Task:
Below are some records; quote exactly the lines from the one that contains "Кофе Cafe Badilatti" through the one that contains "G23 Titanium Gem", inclusive, and no others.
--------------------
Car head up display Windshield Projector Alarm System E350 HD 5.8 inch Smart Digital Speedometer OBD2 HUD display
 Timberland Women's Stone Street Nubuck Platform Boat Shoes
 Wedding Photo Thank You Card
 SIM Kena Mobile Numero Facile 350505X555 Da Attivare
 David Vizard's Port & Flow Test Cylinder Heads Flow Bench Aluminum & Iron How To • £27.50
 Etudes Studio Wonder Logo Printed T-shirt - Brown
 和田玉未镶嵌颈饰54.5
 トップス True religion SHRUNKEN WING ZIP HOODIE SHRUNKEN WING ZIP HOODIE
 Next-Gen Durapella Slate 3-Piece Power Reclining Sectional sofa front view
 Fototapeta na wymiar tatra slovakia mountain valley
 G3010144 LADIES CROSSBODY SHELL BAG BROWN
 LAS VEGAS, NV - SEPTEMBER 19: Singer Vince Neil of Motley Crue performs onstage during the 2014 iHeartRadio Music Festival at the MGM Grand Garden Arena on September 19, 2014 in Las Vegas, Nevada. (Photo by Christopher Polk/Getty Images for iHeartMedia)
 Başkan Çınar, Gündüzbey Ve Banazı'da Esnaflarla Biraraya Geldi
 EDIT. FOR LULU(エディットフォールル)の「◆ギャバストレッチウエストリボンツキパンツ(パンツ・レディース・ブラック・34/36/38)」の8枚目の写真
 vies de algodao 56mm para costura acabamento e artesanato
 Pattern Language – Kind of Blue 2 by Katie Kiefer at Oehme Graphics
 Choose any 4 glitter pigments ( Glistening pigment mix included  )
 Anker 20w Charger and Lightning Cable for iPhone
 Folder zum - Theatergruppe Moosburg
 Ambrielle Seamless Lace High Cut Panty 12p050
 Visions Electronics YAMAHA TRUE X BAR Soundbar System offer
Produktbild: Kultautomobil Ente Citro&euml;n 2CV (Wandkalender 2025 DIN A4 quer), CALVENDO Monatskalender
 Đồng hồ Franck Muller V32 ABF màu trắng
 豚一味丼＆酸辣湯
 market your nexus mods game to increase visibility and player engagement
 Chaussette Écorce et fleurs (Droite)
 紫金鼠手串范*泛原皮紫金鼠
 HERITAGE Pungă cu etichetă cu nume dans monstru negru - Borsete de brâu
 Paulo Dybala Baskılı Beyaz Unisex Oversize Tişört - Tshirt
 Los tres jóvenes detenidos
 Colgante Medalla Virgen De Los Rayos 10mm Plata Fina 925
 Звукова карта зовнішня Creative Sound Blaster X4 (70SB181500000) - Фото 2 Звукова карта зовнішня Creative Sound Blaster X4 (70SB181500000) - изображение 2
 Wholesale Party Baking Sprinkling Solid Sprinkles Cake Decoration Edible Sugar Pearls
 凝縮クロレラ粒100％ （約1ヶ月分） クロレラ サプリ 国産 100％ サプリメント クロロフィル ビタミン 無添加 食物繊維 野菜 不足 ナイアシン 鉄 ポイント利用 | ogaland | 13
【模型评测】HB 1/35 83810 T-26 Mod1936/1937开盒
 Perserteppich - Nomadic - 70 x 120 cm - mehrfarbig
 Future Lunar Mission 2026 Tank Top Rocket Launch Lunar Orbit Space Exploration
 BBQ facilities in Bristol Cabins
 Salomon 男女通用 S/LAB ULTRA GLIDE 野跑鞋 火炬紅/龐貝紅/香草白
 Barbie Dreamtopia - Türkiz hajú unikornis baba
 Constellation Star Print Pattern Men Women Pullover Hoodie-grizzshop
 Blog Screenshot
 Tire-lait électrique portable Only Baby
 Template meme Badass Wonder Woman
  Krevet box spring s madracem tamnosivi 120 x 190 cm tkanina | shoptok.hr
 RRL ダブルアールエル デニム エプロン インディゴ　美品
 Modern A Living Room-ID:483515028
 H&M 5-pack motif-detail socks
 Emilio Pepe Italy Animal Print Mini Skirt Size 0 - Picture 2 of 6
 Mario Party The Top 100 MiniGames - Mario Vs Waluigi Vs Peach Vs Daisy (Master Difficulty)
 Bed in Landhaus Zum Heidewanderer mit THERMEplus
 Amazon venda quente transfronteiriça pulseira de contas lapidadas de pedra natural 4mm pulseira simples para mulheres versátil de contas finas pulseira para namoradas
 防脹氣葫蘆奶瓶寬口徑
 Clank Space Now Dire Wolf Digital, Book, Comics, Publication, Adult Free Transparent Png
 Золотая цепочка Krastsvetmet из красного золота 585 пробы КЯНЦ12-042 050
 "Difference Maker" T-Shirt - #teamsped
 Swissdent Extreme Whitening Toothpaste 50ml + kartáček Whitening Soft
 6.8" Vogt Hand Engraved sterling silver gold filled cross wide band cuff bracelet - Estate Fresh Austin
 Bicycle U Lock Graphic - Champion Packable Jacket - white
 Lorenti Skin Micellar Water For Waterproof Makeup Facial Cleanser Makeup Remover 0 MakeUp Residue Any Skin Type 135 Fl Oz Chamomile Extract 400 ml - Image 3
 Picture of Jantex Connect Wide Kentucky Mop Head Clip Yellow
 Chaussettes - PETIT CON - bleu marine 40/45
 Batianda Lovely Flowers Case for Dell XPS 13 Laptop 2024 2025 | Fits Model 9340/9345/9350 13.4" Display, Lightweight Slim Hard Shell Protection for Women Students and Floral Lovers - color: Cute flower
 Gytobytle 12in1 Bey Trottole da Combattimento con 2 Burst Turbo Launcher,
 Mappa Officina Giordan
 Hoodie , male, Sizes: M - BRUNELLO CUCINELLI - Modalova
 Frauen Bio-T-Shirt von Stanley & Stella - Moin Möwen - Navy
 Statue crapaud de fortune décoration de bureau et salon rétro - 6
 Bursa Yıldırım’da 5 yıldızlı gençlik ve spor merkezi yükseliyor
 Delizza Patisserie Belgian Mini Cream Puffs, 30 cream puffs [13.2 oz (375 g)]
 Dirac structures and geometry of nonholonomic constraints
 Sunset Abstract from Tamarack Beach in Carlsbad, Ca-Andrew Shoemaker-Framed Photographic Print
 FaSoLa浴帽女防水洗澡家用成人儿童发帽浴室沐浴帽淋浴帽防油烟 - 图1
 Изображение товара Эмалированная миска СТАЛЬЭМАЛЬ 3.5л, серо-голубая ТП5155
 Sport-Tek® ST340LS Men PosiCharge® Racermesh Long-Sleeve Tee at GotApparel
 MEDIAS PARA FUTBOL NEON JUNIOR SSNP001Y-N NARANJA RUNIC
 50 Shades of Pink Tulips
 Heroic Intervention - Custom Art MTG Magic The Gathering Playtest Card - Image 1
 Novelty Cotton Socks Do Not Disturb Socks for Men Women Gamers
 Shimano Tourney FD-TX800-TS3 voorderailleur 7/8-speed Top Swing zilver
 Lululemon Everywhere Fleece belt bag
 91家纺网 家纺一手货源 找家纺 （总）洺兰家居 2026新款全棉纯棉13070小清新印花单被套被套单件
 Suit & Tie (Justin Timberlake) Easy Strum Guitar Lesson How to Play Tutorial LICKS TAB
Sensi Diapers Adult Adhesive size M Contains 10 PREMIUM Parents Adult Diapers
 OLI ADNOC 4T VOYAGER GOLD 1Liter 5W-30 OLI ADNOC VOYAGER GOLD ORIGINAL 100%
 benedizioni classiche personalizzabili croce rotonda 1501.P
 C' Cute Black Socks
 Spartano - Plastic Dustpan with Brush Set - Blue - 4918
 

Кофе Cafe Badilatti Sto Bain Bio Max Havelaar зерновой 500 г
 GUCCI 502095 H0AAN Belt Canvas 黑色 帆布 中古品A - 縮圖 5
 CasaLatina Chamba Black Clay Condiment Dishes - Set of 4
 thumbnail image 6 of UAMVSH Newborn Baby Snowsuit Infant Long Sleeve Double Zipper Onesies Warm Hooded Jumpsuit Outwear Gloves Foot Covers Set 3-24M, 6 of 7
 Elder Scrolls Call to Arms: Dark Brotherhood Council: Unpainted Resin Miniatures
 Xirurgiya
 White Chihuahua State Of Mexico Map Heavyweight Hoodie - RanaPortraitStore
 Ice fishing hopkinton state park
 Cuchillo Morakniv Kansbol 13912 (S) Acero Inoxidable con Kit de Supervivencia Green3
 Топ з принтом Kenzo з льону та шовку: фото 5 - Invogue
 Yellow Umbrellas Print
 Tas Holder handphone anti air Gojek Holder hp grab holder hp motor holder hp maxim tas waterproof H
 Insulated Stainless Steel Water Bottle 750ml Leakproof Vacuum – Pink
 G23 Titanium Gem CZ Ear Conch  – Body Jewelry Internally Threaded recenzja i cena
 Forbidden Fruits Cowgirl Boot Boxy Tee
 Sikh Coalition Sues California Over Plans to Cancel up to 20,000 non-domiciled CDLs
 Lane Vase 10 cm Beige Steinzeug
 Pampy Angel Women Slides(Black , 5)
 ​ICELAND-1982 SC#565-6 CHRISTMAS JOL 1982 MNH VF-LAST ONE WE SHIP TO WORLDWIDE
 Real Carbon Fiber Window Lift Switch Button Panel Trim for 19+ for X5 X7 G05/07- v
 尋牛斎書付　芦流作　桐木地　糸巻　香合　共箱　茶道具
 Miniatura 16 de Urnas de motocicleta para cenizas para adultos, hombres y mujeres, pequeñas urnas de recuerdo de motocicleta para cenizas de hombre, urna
--------------------
Completed exercise:
Кофе Cafe Badilatti Sto Bain Bio Max Havelaar зерновой 500 г
 GUCCI 502095 H0AAN Belt Canvas 黑色 帆布 中古品A - 縮圖 5
 CasaLatina Chamba Black Clay Condiment Dishes - Set of 4
 thumbnail image 6 of UAMVSH Newborn Baby Snowsuit Infant Long Sleeve Double Zipper Onesies Warm Hooded Jumpsuit Outwear Gloves Foot Covers Set 3-24M, 6 of 7
 Elder Scrolls Call to Arms: Dark Brotherhood Council: Unpainted Resin Miniatures
 Xirurgiya
 White Chihuahua State Of Mexico Map Heavyweight Hoodie - RanaPortraitStore
 Ice fishing hopkinton state park
 Cuchillo Morakniv Kansbol 13912 (S) Acero Inoxidable con Kit de Supervivencia Green3
 Топ з принтом Kenzo з льону та шовку: фото 5 - Invogue
 Yellow Umbrellas Print
 Tas Holder handphone anti air Gojek Holder hp grab holder hp motor holder hp maxim tas waterproof H
 Insulated Stainless Steel Water Bottle 750ml Leakproof Vacuum – Pink
 G23 Titanium Gem CZ Ear Conch  – Body Jewelry Internally Threaded recenzja i cena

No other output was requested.